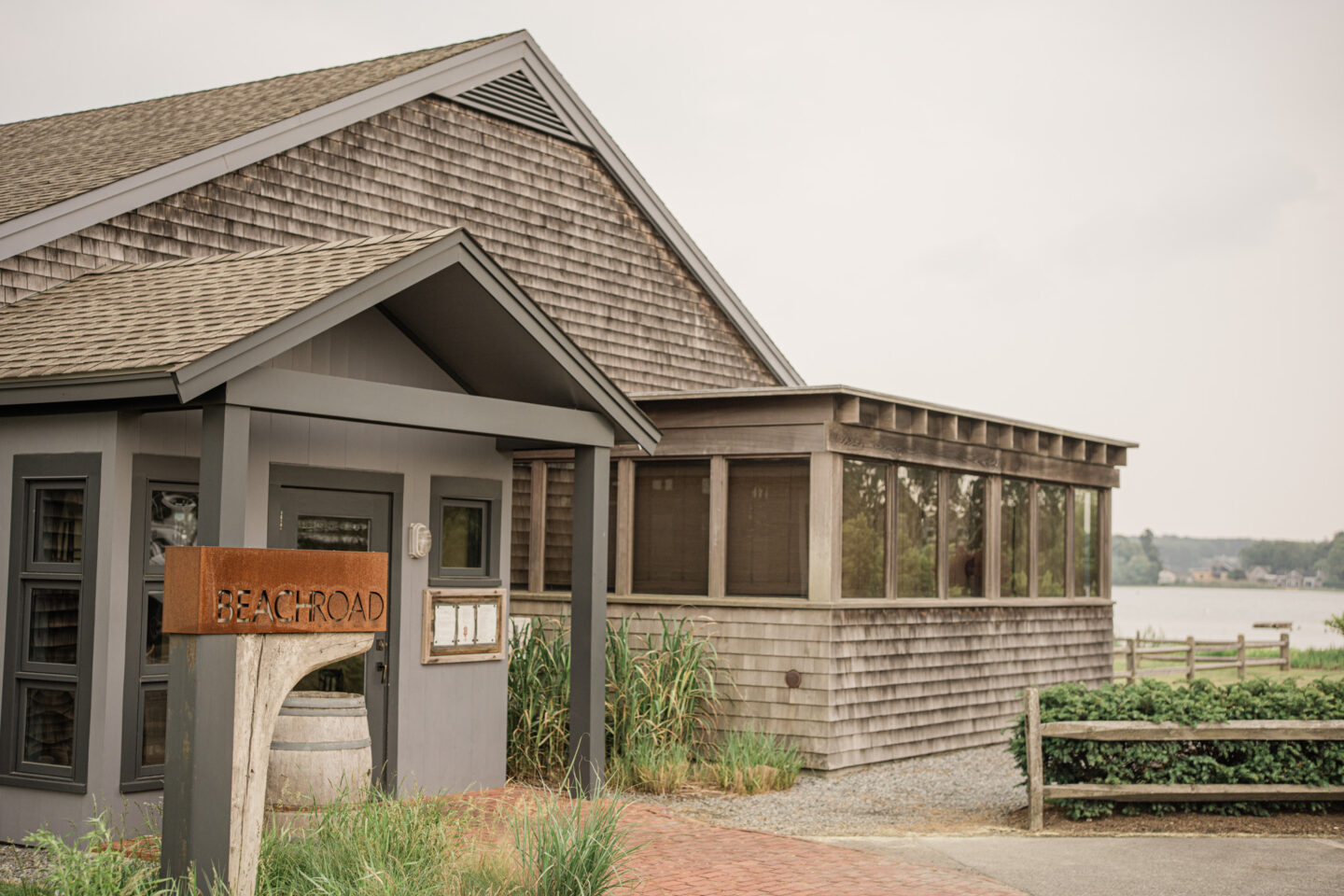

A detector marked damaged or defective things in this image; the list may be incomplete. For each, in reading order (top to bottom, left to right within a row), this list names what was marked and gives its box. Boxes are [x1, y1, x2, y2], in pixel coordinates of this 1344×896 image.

rusted metal sign [161, 542, 389, 634]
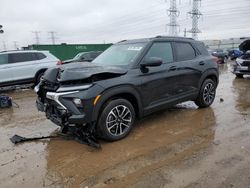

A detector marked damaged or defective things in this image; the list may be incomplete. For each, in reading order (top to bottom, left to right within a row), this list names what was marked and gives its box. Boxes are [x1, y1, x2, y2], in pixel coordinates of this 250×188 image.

crumpled hood [42, 62, 127, 83]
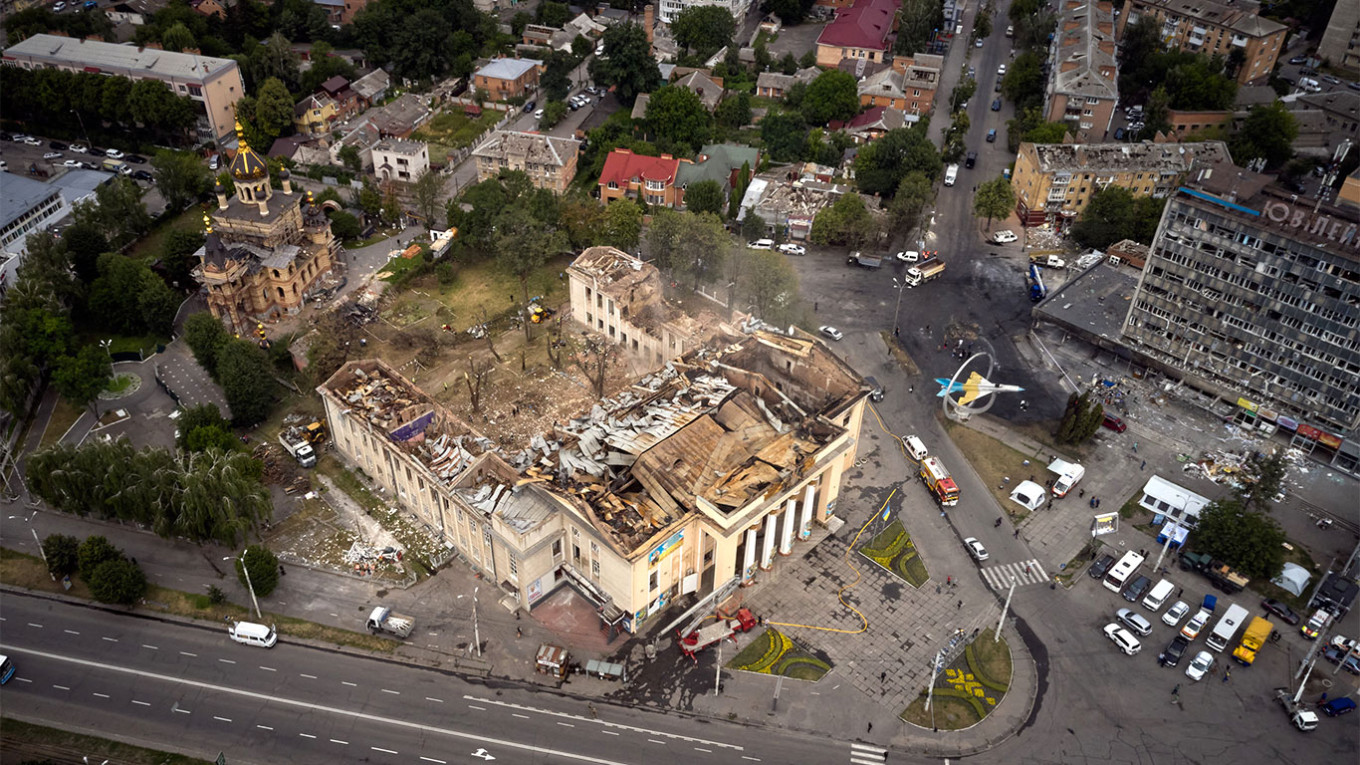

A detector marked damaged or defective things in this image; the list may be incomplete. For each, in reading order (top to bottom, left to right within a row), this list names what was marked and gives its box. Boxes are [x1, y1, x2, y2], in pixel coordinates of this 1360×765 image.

damaged facade [320, 328, 859, 631]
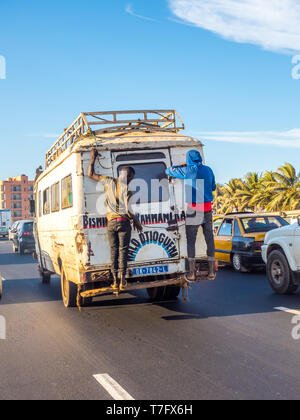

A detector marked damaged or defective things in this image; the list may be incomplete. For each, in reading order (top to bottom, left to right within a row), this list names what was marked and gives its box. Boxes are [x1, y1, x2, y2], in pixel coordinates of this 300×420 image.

rusty bus body [34, 112, 211, 308]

========

• **Task brief**
From the line that contains "this 1360×765 image." through the last line of the listing, copy each line exactly; both end lines stay in, and pictures stay out.

• **Task response**
A detector marked damaged or defective things in this image; the list may be incomplete. For each, in reading order (top to bottom, left to right within a row), this list names what was marked and gives its box. Boxes are [x1, y1, x2, y2], in pixel coordinates of this 1360×765 image.

damaged facade [320, 328, 859, 631]

A detector marked damaged or defective things in this image; the list may be incomplete. For each, in reading order (top to bottom, left to right within a row), this list names what was marked and gives its box. Boxes are [x1, y1, x2, y2], in pixel coordinates of this 300×420 image.

rusty bus body [34, 112, 211, 308]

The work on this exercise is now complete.